▶ Exercise details
Your output must be the line containing "this 1200×800 image." followed by every later line in the entries below, all copied exactly.

▶ Provided data
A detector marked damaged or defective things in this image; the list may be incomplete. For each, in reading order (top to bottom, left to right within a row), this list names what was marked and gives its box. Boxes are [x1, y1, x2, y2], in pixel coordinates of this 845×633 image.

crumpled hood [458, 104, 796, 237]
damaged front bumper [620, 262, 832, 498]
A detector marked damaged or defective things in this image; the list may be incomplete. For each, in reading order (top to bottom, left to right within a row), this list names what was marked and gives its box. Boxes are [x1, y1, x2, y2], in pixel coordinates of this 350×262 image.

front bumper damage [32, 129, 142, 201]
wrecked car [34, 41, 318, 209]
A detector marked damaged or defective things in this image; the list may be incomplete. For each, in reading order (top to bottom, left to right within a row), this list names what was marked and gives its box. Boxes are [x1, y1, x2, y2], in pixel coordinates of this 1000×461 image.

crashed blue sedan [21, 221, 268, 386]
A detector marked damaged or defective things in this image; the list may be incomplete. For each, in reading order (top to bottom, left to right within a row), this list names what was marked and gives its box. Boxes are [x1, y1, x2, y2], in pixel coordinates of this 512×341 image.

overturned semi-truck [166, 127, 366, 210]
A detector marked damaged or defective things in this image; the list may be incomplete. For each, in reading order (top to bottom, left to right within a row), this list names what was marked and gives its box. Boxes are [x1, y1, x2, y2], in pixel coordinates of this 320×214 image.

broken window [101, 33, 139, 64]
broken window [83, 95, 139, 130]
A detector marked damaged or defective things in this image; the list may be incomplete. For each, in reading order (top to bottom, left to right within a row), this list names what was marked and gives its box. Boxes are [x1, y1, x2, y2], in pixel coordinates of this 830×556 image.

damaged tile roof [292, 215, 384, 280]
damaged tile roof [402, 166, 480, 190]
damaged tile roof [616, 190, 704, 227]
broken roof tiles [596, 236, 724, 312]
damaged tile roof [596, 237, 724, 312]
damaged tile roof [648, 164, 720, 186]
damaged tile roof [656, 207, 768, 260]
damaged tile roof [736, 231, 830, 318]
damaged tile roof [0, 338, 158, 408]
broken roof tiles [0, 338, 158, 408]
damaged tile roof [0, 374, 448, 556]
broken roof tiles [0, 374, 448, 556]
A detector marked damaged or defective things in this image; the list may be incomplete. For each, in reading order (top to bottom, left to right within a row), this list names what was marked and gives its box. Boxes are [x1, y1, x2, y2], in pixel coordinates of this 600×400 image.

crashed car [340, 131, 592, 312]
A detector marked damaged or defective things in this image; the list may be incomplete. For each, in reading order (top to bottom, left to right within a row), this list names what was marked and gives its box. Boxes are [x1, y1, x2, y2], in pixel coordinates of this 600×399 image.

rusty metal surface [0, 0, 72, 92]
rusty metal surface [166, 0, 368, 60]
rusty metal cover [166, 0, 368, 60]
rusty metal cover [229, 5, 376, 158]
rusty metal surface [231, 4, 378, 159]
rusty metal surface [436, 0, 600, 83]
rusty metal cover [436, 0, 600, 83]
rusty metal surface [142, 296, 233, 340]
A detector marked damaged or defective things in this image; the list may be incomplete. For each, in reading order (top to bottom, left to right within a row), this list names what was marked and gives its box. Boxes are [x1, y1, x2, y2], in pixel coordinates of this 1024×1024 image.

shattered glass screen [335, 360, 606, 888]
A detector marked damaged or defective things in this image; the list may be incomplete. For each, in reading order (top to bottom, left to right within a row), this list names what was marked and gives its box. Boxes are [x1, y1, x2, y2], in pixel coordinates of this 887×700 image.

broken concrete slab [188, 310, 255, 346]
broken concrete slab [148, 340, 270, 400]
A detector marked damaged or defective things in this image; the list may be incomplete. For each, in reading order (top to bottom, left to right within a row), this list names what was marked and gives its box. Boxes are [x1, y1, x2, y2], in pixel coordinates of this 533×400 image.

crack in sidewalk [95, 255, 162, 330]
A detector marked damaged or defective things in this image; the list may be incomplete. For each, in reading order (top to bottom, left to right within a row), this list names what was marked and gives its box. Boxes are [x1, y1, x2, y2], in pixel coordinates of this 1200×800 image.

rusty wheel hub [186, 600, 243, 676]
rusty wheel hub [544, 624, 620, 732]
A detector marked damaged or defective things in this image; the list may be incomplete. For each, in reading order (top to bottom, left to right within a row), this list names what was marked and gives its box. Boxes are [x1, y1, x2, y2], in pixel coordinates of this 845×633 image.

▶ Solution to this exercise
A detector marked damaged or defective things in this image; the list may be incomplete. For each, in reading order (top to bottom, left to right within a row), this list names what was marked and gives its box. Boxes are [x1, y1, x2, y2], in pixel coordinates of this 1200×800 image.

rusty wheel hub [186, 600, 243, 676]
rusty wheel hub [544, 624, 620, 732]
A detector marked damaged or defective things in this image; the list may be incomplete. For each, in reading order (top to bottom, left to right within a row), this list names what was marked and gives its box. Boxes are [x1, y1, x2, y2], in pixel coordinates of this 845×633 image.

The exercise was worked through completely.